Luis Suárez, en su libro «Lo que el mundo le debe a España», estima que la primera gran aportación española fue la conversión de la monarquía visigoda al catolicismo, por encima del arrianismo. Efectivamente, en el III Concilio de Toledo (año 589), los visigodos abrazaron el catolicismo, lo que les hizo someterse a la «Lex romana» y usar el latín en vez de la lengua goda. Aquello fue una cuestión clave para el devenir de Europa y la fortaleza de la Iglesia Católica de Roma. San Isidoro, diría aquello de «Feliz España, madre de príncipes y de pueblos», fue un claro ejemplo del papel que ejercieron los visigodos para salvar en lo posible la cultura clásica de toda Europa, perviviendo muchos años su legado.
La primera convocatoria de Cortes de las que se tiene constancia escrita es la efectuada por Alfonso IX de León en 1188, a la que más tarde se sumarían nuevas asambleas en 1202 y 1208, y que reunieron a los diferentes estamentos que componían la sociedad de la época, incluidos los representantes del pueblo. En la curia regia del Reino de León se incorporan representantes del pueblo. Así, León fue el lugar donde nació el primer parlamento europeo, cuya forma de gobierno se fue luego extendiendo a otros territorios de Europa.

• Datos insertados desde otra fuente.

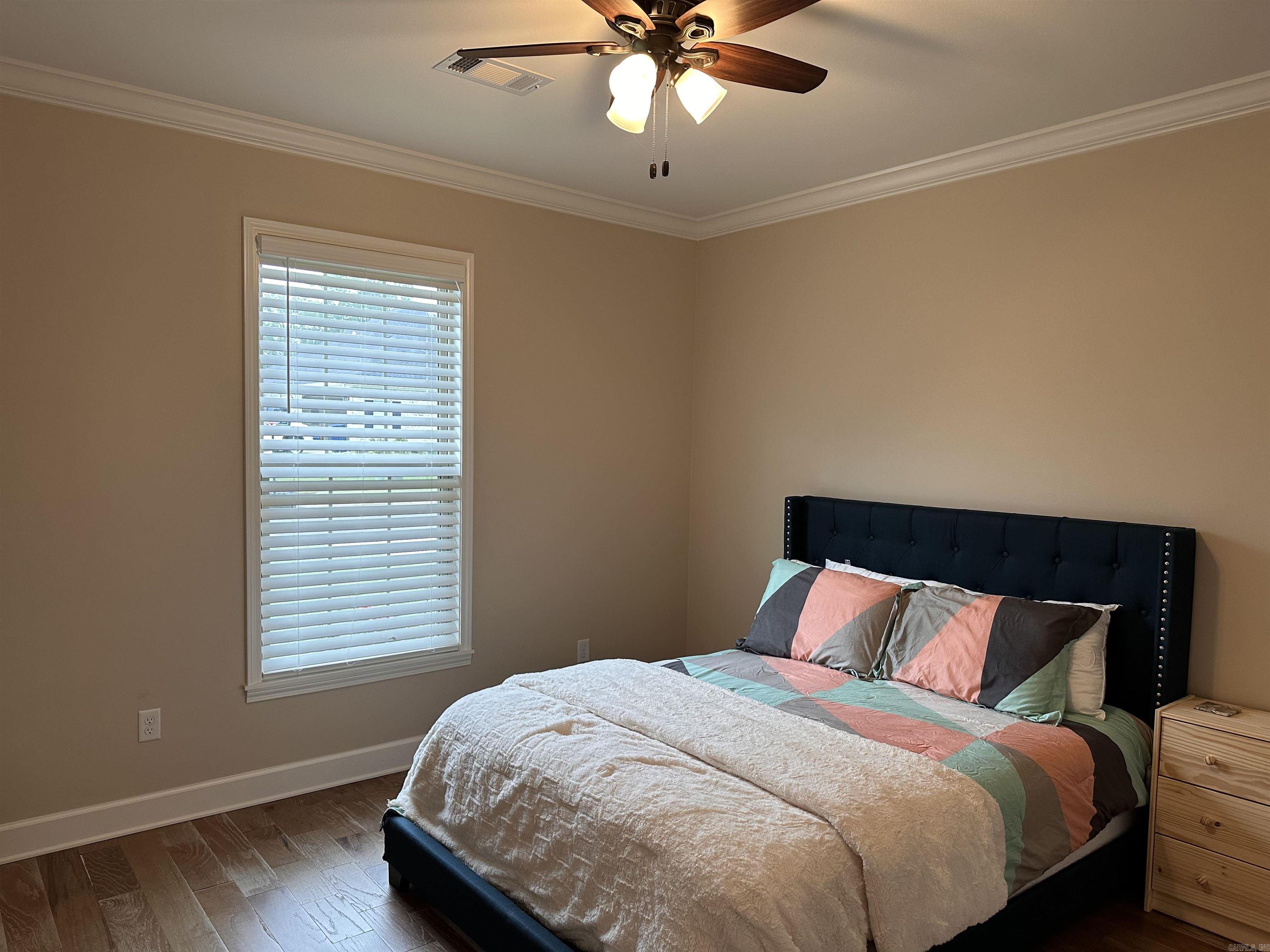 147 Oak Hill  El Dorado, AR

El mismo Luis Suárez explica que en España el feudalismo no se dio en las relaciones de fidelidad entre vasallo y señor. Fue más avanzado. El vasallaje era un contrato que se ratificaba mediante juramento y solo por personas libres, en contraste con otros territorios europeos. Asimismo, en León nacieron, al restaurarse la legislación gótico-romana, las primeras leyes que permitían al siervo salir de esta condición, extendiéndose después al resto de Europa. Y los Reyes Católicos hicieron que España fuera el primer país donde se abolió la esclavitud. También en Castilla desde 1188, fue donde se crearon por primera vez órganos de representación de los tres poderes: Ejecutivo, Legislativo y Judicial, después germen del parlamentarismo europeo. Mucho antes de que en Inglaterra se constituyera la Cámara de los Comunes en 1258. Es decir, la separación de poderes se aplicó en España cuatro siglos antes del supuesto descubrimiento de Montesquieu.

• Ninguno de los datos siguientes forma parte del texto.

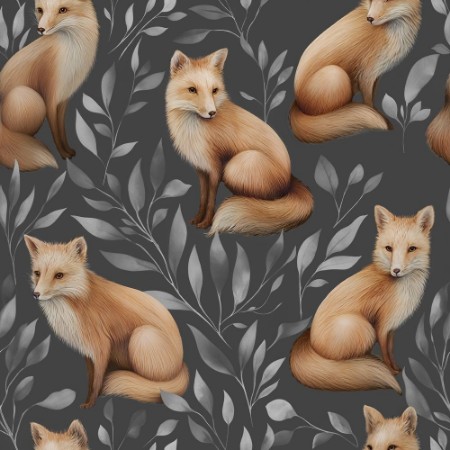 Picture of Mikkel Grey - 1069301-02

Otra aportación clave de España en la Edad Media fue el propio mestizaje con musulmanes y judíos, que traían de Oriente algunas versiones del helenismo y de la sabiduría oriental. Gerberto de Aurillac, matemático y futuro Papa, usó un texto de al-Kwarizmi para trasladar a Europa los «guarismos» con el número cero, esto representó un avance para la ciencia. Misma vía usada para que los traductores de Toledo rescatasen el pensamiento de Aristóteles valiéndose de textos orientales. España fue, en definitiva, un puente entre Occidente y Oriente, del mismo modo que después lo sería para Europa y América.

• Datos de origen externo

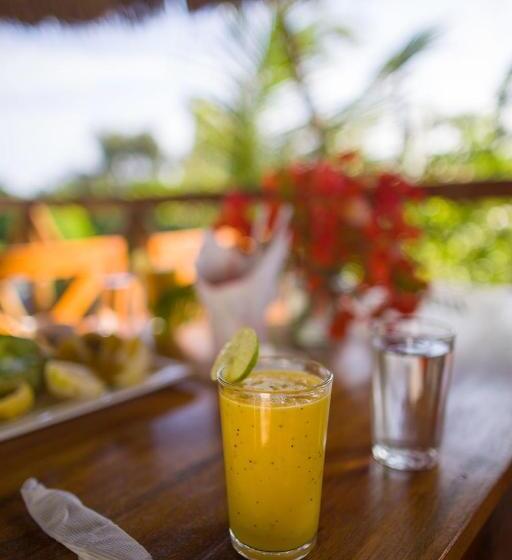 پانسیون Zanzi Dream Apartments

Y España libró a Europa en 1492 del objetivo último que los árabes se habían marcado cuando el año 711 la invadieron: apoderarse también de toda Europa, a lo que por primera vez había puesto freno Carlos Martel en Francia, al impedirles entonces la entrada por los Pirineos ganándoles la batalla de Tours el año 732. Resulta indubitado que, habiéndoles obligado después los españoles a retornar a África, definitivamente salvaron a Europa de la segura invasión y apoderamiento de todo el continente.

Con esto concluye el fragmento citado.